Monasterio de El Escorial. Mañana gris y neblinosa. Sobre las losas de granito de la explanada del monasterio montan guardia, en perfecta formación, dos centurias madrileñas, una de la Guardia de Franco y otra del Frente de Juventudes. Los adoctrinados jóvenes que componen las centurias, todos en camisa azul remangada, están ateridos debido a las bajas temperaturas, especialmente los del Frente de Juventudes, que, además de fina camisa, gastan pantalón corto.
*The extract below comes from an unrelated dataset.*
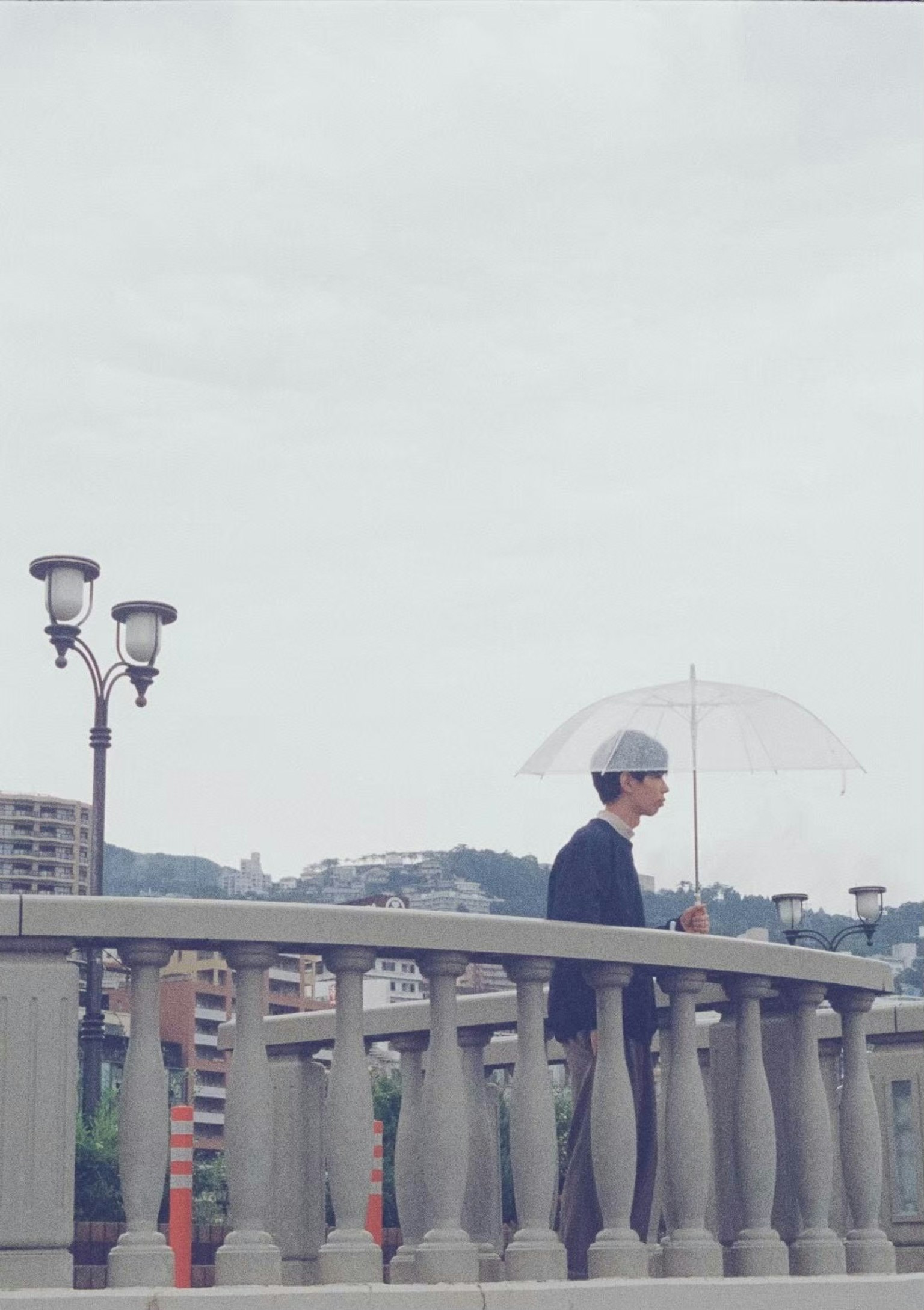 一个站在桥上拿着伞的男人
Cuando llevan dos horas tiritando y algunos rostros azulean, llega, por fin, la comitiva de coches negros, casi fúnebres, que portan al Caudillo con su séquito y escolta y a las jerarquías del Movimiento. El Caudillo, abrigo negro, tan cerrado que apenas deja ver la camisa azul, y boina roja, se apea de su automóvil e inicia el paseíllo hacia la entrada principal del monasterio pasando revista rutinariamente a las dos compañías que flanquean el pasillo de autoridades. De pronto, a una señal, una de las compañías gira marcialmente (media vuelta… ¡ar!) y le da la espalda al tiempo que una voz recia brota de sus filas:
—¡No queremos reyes idiotas! —resuena el grito en la explanada.
Franco disimula y prosigue su camino. El séquito y la escolta lo imitan, nerviosos.
La policía investiga: la centuria rebelde salió de Madrid muy de mañana, todavía de noche, e hizo el camino a pie alternando el canto de «montañas nevadas, banderas al viento, etc», con el de canciones subversivas.
—¿Qué canciones? —inquiere el inspector Federico Salas Enciso, encargado del caso—: ¿Un estudiante a una niña y cosas así?[214]
—No, señor comisario, más subversivas.
—¿Como qué?
El informador carraspea.
—Es que me da cosa repetir esas barbaridades —declara—. Yo soy, de toda la vida, afecto al Movimiento y al Caudillo.
—¡No me jodas, que te meto un paquete! —interviene el inspector, persuasivo—. ¡Canta de una puta vez, que se me está pasando la hora del cafelito!
—A sus órdenes, pero que conste que no estoy de acuerdo con la letra —advierte el informante, y tras una profunda inspiración rompe a cantar con entonación notable:
Con los nietos de la mano
inaugura los pantanos.
En la pesca del salmón
es un campeón.
Paco, Paco, Paco…
—¡Eso no se puede consentir! —lo interrumpe el inspector con un puñetazo en la mesa.
—Es lo que yo digo, señor comisario.
Después del funeral por José Antonio, Franco regresa a El Pardo, meditativo. Últimamente se han consentido demasiadas salidas de tono a los alevines falangistas. Este verano, sin ir más lejos, abuchearon a don Juan Carlos en su visita a un campamento del Frente de Juventudes en la sierra de Guadarrama y hasta le cantaron una canción contra la monarquía[215]. Llegado al palacio, Franco se pone el pijama y las pantuflas, descuelga el teléfono y destituye de manera fulminante al delegado nacional del Frente de Juventudes, José Antonio Elola.